がれきを撤去する際に発生する粉塵(ふんじん)や、不要になったものを焼却する煙は、ぜんそくの発作を誘発する可能性があります。復旧活動の際は、ぜんそくの子どもに影響が及ばないよう、粉塵や煙への対策をお願いします。
ぜんそくの治療薬には長期管理薬(発作を予防する薬・コントローラー)と発作治療薬(発作を和らげる薬・リリーバー)があり、吸入薬・飲み薬・貼り薬・注射薬などさまざまな形状があります。吸入ステロイドやロイコトリエン拮抗薬などの長期管理薬(コントローラー)は、予防・改善のために毎日きちんと服用することが大切です。また、発作時には発作治療薬(リリーバー)の気管支拡張薬といわれる薬をすぐに吸入、もしくは内服しなければいけないので手元に置く必要があります。これらの薬が入手できるようご配慮をお願いします。
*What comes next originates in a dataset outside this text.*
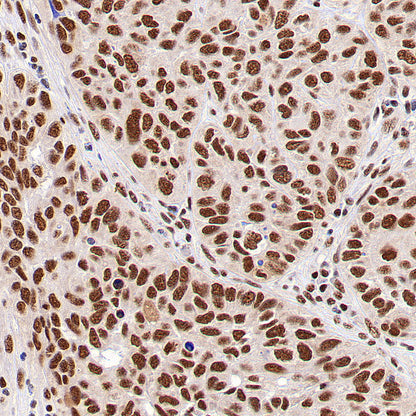 SF3B1 Rabbit Polyclonal Antibody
ぜんそくの薬は、ネブライザーという電動の器械を使って吸入する場合があるので、吸入時に電源が必要になります。避難所の電源は貴重ですが、ぜんそくを持つ子どもの命にも関わるので、避難所で優先的に電源の使用ができるような環境づくりにご協力ください。器械による吸入は1日に1~2回、発作の場合は随時行います。
ぜんそくの発作は胸からゼーゼー・ヒューヒューと音がして、息が苦しくなるという症状があります。その際、水分を飲ませ、ゆっくり呼吸をさせて発作治療薬を使ったあと、もたれかかる姿勢で休ませます。しかし、顔色が悪い、唇が紫色、仰向けに眠ることができず、座り込んで苦しそうにしている、などの様子があれば、生命に関わる重症発作ですので、一刻も早く救急受診のご手配をお願いします。
※本記事は、日本小児アレルギー学会による『災害時のこどものアレルギー疾患対応パンフレット(pdf)』をもとにしています。